Project: Obelisk - Radiation hydrodynamical simulation of the formation of a proto-cluster

Prace Call: 17th
ID: 2018184444, Leader: Maxime Trebitsch
Affiliation: CNRS / Institut d'Astrophysique de Paris, FR
Research Field: Universe Sciences
Collaborators: Karl-Joakim Rosdahl Centre de Recherche Astrophysique de Lyon FR , Harley Katz University of Oxford UK , Taysun Kimm Yonsei University KR , Christophe Pichon CNRS / Institut d'Astrophysique de Paris FR , Yohan Dubois CNRS / Institut d'Astrophysique de Paris FR , Marta Volonteri CNRS / Institut d'Astrophysique de Paris FR , Ricarda Beckmann CNRS / Institut d'Astrophysique de Paris FR , Adrianne Slyz University of Oxford UK , Julien Devriendt University of Oxford UK
Resource Awarded: 20 Mil. core hours on Joliot Curie - SKL


Massive galaxies assembled most of their mass in the first 3 Gyr of evolution of the Universe, before the peak of cosmic star formation.
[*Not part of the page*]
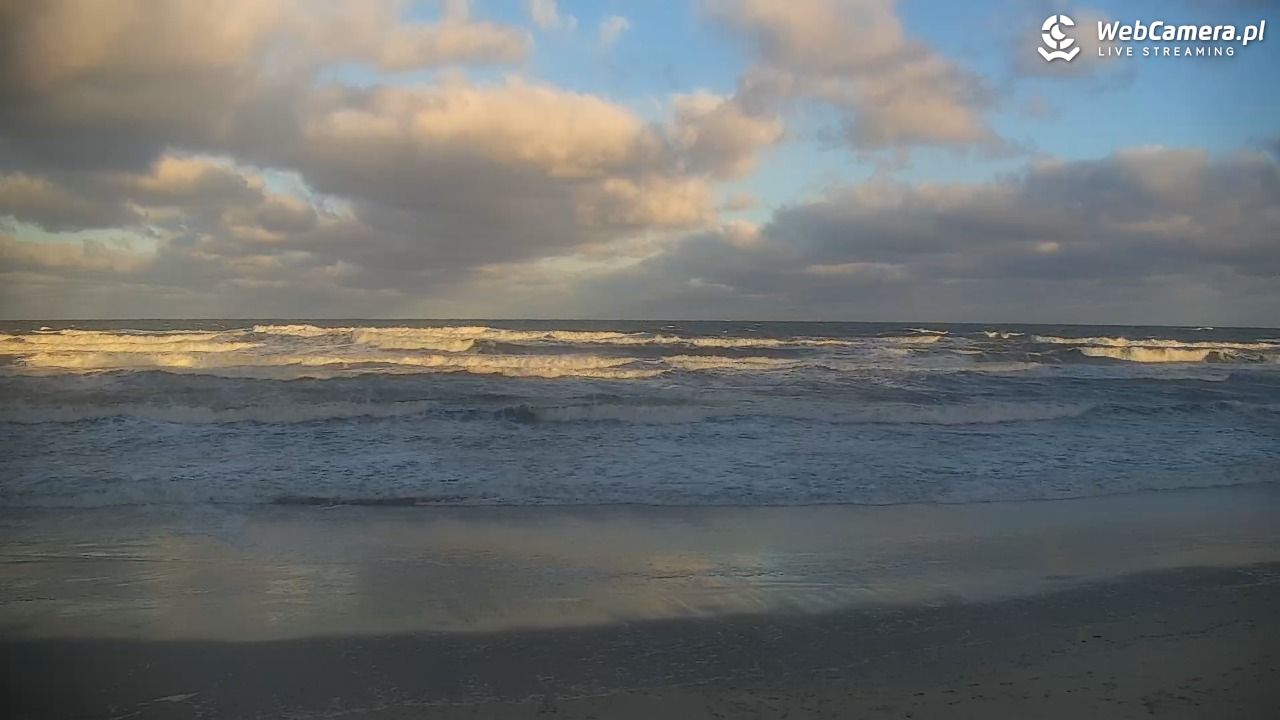 JASTRZĘBIA GÓRA - widok na plażę - 28 grudzień 2025, 09:52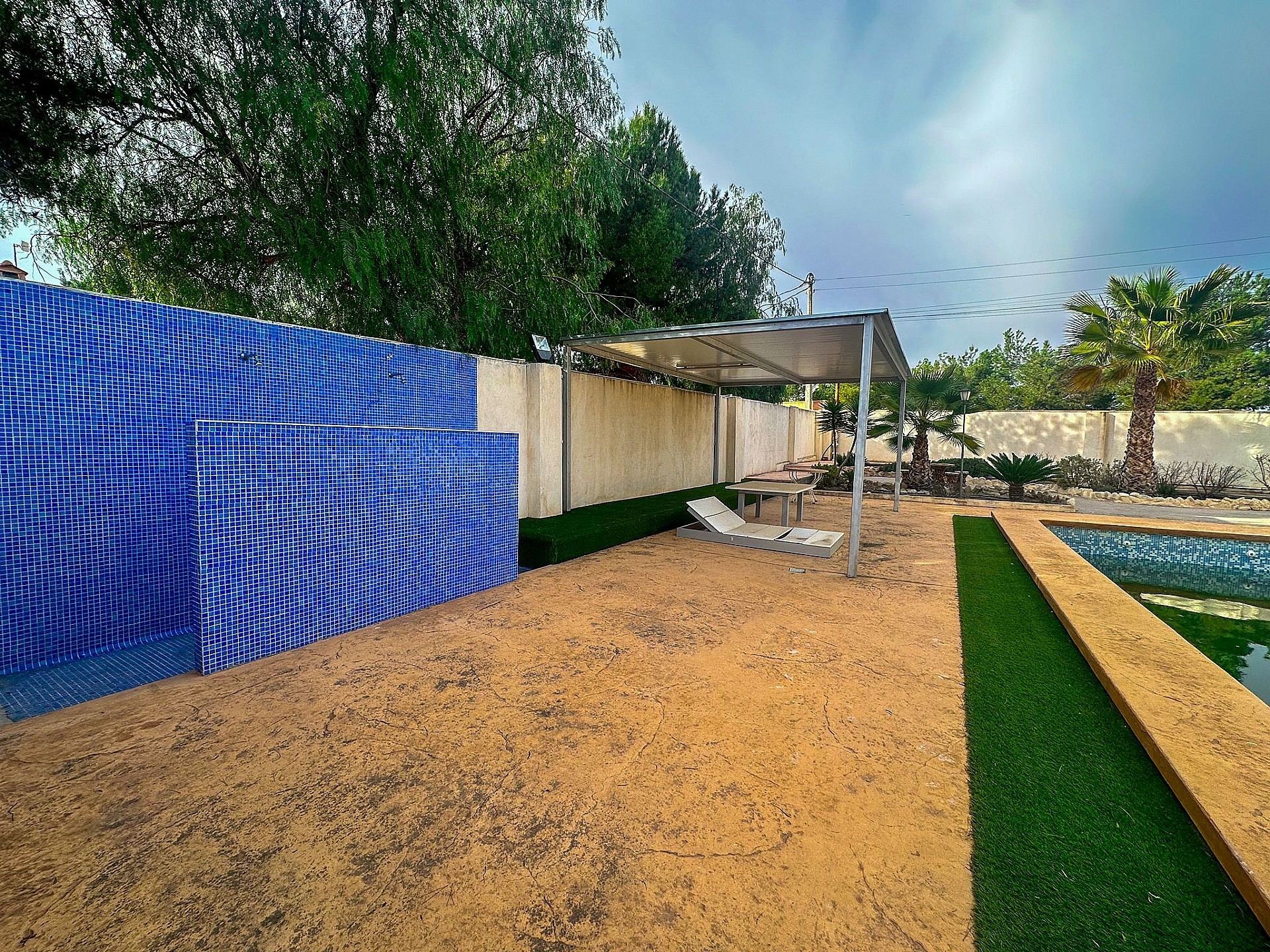 Resale - 5 Bedroom 3 Bathroom Villa in Sax -  - Alicante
Supermassive black holes powering bright quasars are often found at the centre of these massive galaxies. The intense star formation and the accretion onto central supermassive black holes release a tremendous amount of energy in the surrounding gas via various feedback channels, whether radiative or hydrodynamical, strongly shaping the gas flows in and around galaxies, and will affect all neighbouring galaxies. Some of the the most pressing questions in astrophysics today are related to the formation history of these early galaxies. Understanding how these objects assembled their mass, how their star formation history is tied to the growth history of their central black hole, how they contribute to the chemical enrichment of the Universe, or what is their exact role in the reionization history of the Universe. While upcoming facilities such as the JWST or the next generation of Extremely Large Telescopes will revolutionize our views on these questions, there is an need for theoretical models to help understand future observations. To this end, we introduce the Obelisk project: a radiation-hydrodynamical cosmological simulation of a proto-cluster and its environment until the peak of cosmic star formation at z ~ 2. Combining state-of-the-art numerical cosmological codes with a detailed comparison with observations will enable us to understand better the high redshift Universe.